*** Supplied entries ***

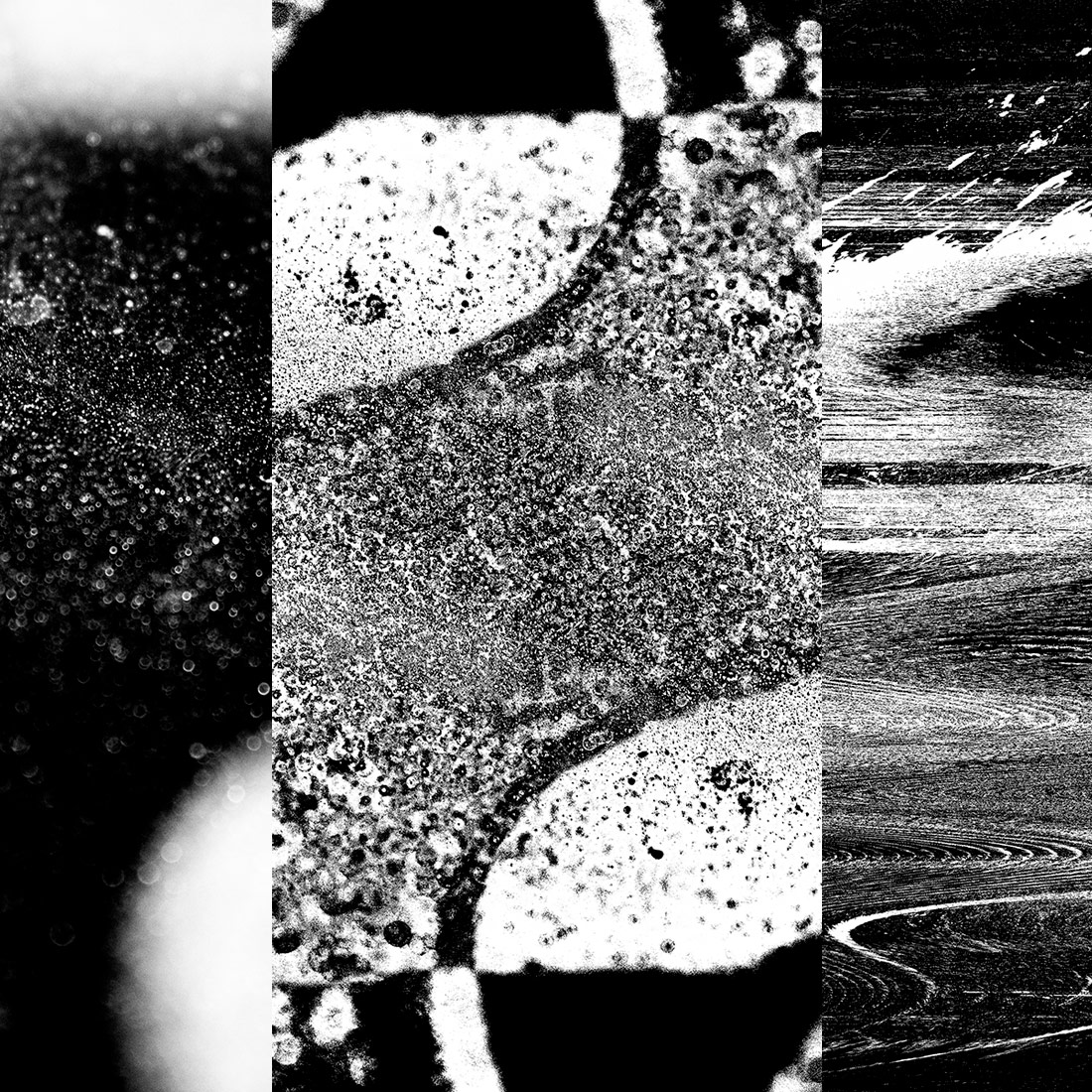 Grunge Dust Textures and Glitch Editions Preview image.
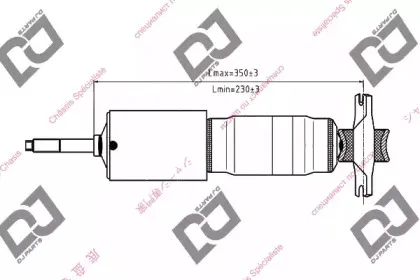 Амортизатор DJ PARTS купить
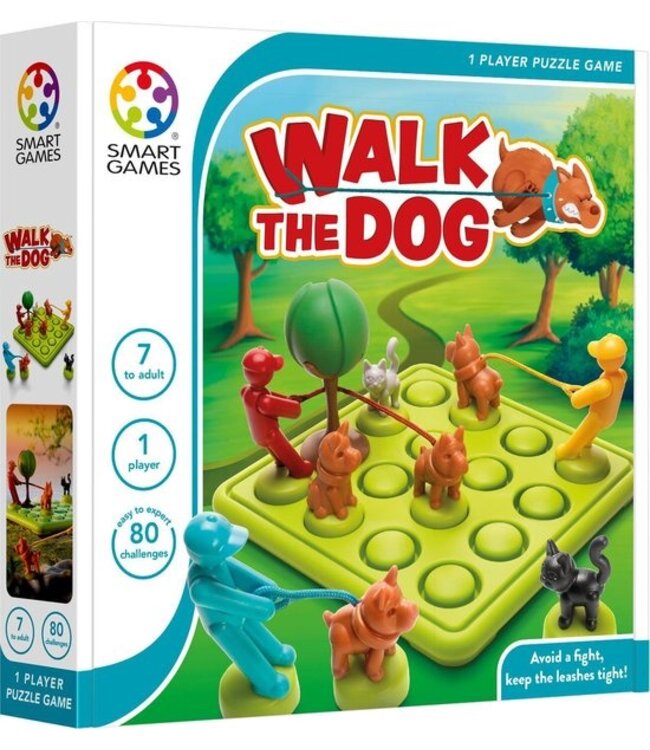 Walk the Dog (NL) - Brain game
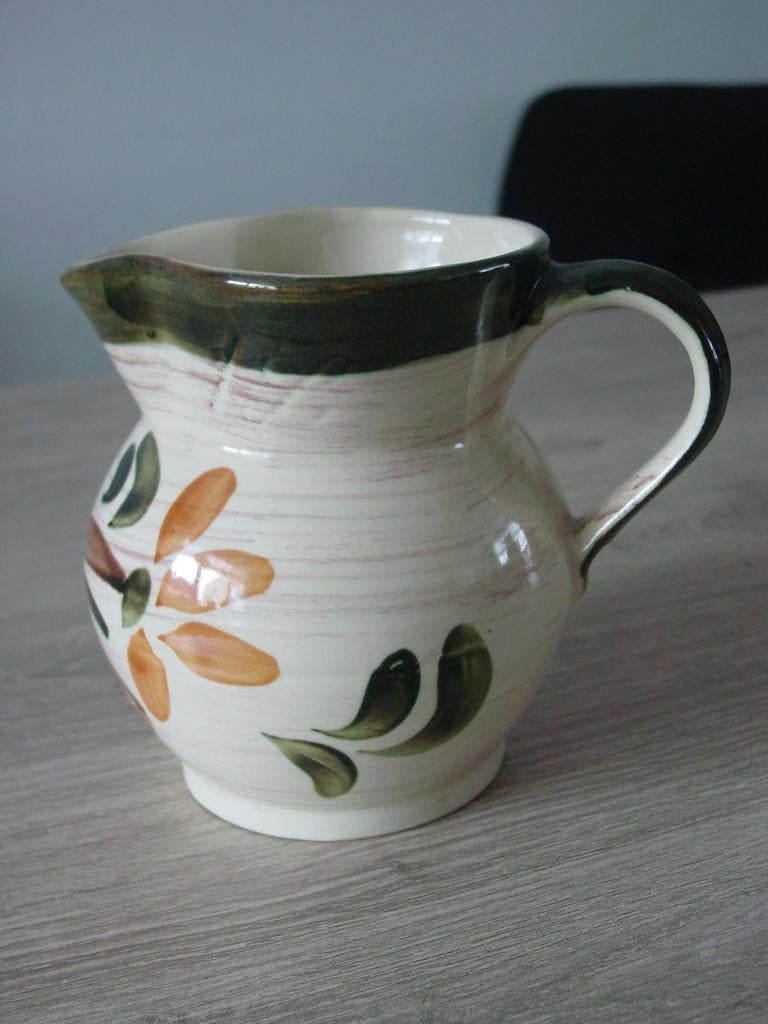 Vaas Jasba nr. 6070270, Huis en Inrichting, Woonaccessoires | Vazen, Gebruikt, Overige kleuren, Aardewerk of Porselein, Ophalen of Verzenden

*** End of Supplied entries ***
*** Supplied entries ***

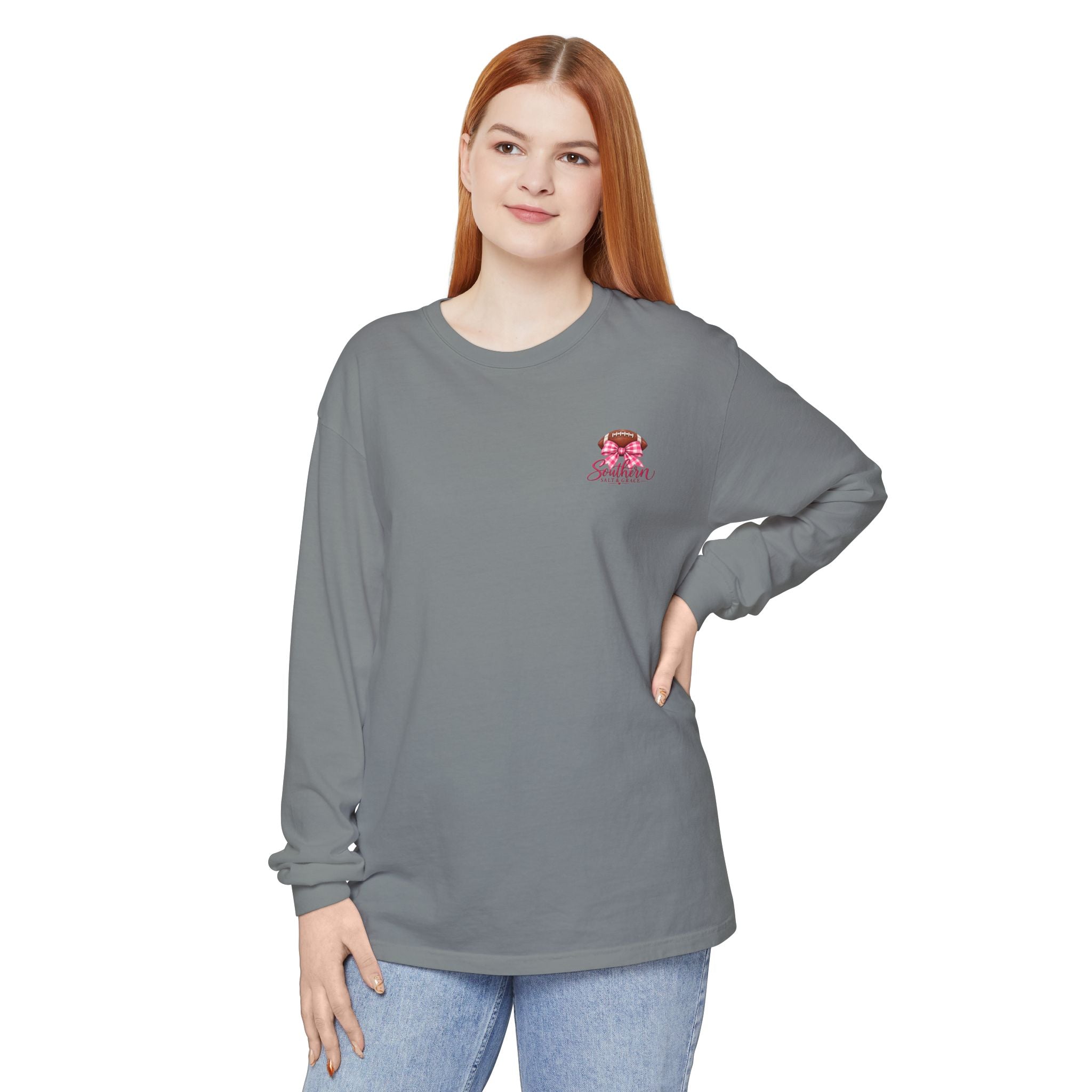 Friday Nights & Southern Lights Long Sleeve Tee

*** End of Supplied entries ***
*** Supplied entries ***

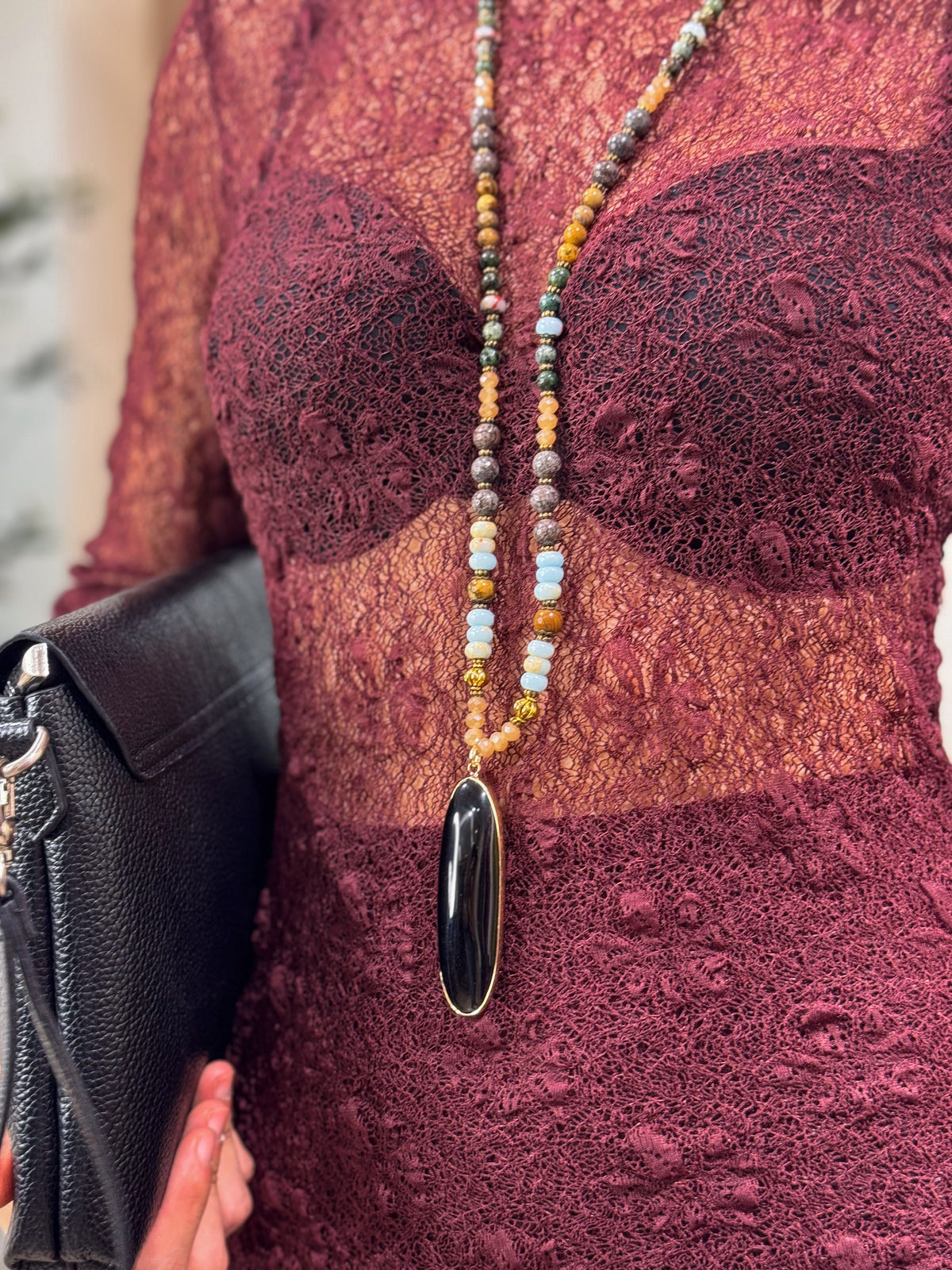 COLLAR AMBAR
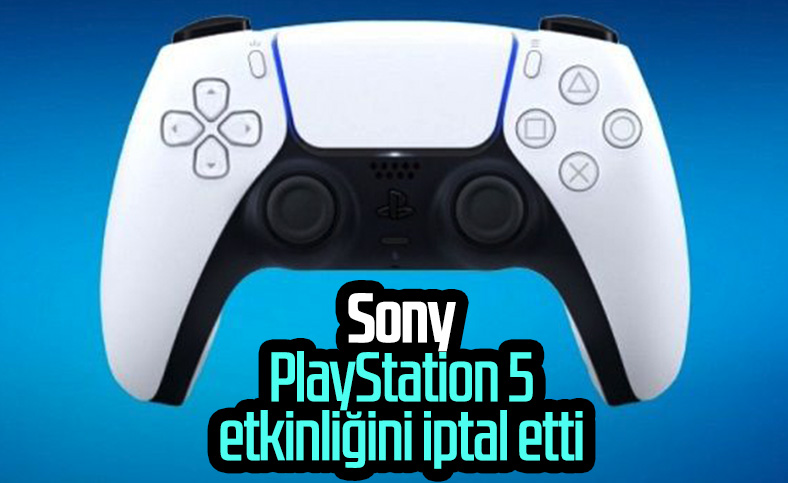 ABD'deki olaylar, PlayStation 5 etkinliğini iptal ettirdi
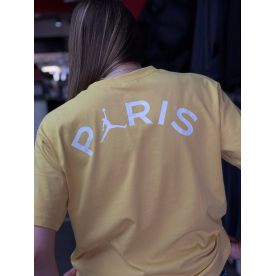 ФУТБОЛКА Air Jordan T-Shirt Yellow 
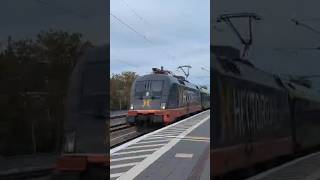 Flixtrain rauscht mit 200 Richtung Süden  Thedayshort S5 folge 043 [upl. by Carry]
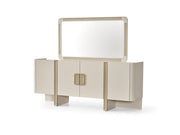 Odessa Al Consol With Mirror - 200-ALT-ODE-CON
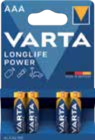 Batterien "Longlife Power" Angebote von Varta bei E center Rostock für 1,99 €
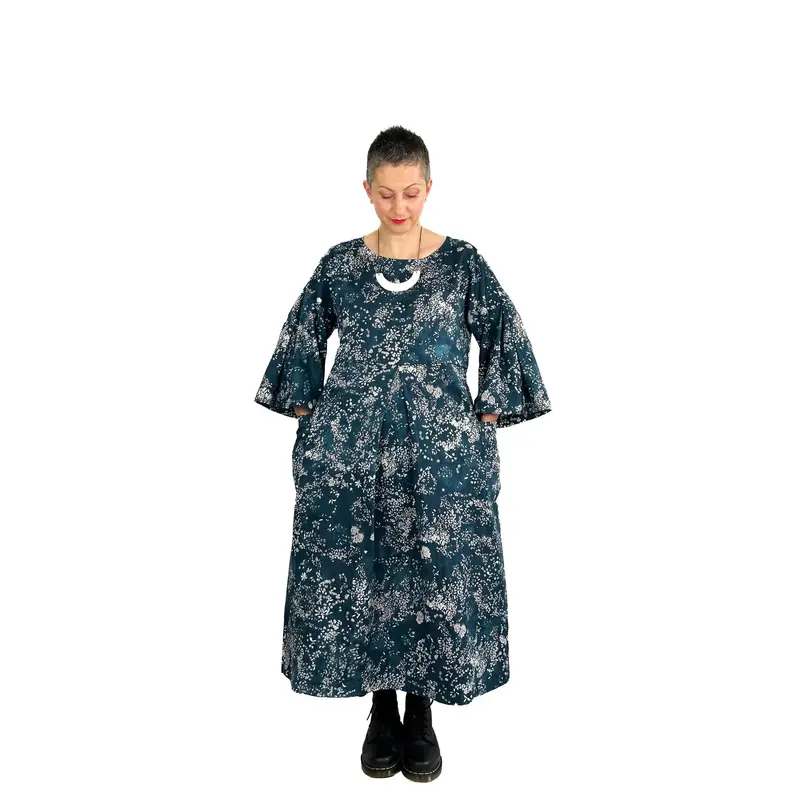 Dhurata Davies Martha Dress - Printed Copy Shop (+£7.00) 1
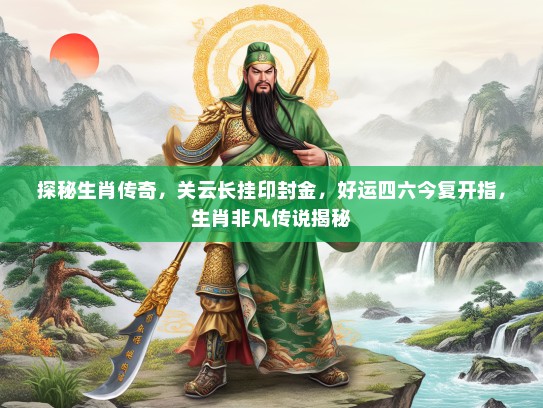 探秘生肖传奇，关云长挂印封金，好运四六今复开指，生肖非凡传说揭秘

*** End of Supplied entries ***

What is needed:
Would you copy the lines above exactly, starting with the one that has "Flixtrain rauscht mit" and ending with the one that has "探秘生肖传奇，关云长挂印封金，好运四六今复开指，生肖非凡传说揭秘", both included, without the pictures?

Exercise solution:
 Flixtrain rauscht mit 200 Richtung Süden  Thedayshort S5 folge 043 [upl. by Carry]
 Odessa Al Consol With Mirror - 200-ALT-ODE-CON
 Batterien "Longlife Power" Angebote von Varta bei E center Rostock für 1,99 €
 Dhurata Davies Martha Dress - Printed Copy Shop (+£7.00) 1
 探秘生肖传奇，关云长挂印封金，好运四六今复开指，生肖非凡传说揭秘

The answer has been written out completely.